Lebih jauh, setelah peristiwa perjamuan malam,
kemudian Yesus ditangkap dan sesudah itu dilakukan penghakiman rekayasa. Ia di
fitnah, dituduhkan rupa-rupa dakwaan berat, dihina, disesah dan akhirnya mati
di salibkan di bukit Golgota. Di situlah kemudian kita mengerti bahwa apa yang
diperbuat-Nya bukan hanya sebatas tindakan simbolik belaka. Tubuh-Nya bagai
roti yang terpecah dan darah-Nya bagai anggur yang tercurah! Bukan untuk
diri-Nya sendiri melainkan untuk pendamaian dosa dunia.
Jika Gereja dan orang-orang Kristen meneruskan
tradisi pembasuhan kaki tentu hal itu baik. Namun, Yesus tidak menghendaki-Nya
hanya sebatas simbolik belaka.Jika saban perayaan Perjamuan Kudus ada roti yang
dipecah-pecahkan dan anggur yang dicurahkan, itu pun tidak hanya bermakna
simbolik. Gereja kita menyebutnya bukan simbol tetapi tanda dan meterai, lebih
jauh persekutuan dengan tubuh dan darah Tuhan. Jadi mestinya, semangat melayani
dan merendahkan diri mutlak harus ada dalam diri setiap pengikut-Nya!
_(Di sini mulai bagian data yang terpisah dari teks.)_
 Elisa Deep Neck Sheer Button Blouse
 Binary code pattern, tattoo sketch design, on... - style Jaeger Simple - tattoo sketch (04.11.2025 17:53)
Yesus menginginkan para murid-Nya mempunyai karakter kerendahan hati,
pelayanan dan kasih. Pembasuhan kaki oleh Yesus sendiri disebut sebagai sebuah
“teladan” atau contoh. Artinya, pembasuhan kaki itu merupakan sebuah cara hidup
yang harus dilaksanakan oleh para murid dalam relasi mereka satu dengan yang
lain. Pembasuhan kaki bukan soal meniru tindakan Yesus, melainkan soal
melakukan apa yang telah dilakukan Yesus: kerendahan hati, pelayanan dan kasih
itu. Ini sebenarnya apa yang kemudian Yesus sebutkan sebagai sebuah perintah
baru. Tidak ada sebelumnya,
seorang manusia pun yang melakukan seperti Yesus. Kualifikasi integritas cara
hidup Yesuslah yang membuat kasih itu nyata-nyata baru. Cara hidup seperti
inilah yang wajib dilakukan oleh setiap orang yang mengaku dirinya murid Yesus.
Sudahkah kerendahan hati itu menjadi karakter kita?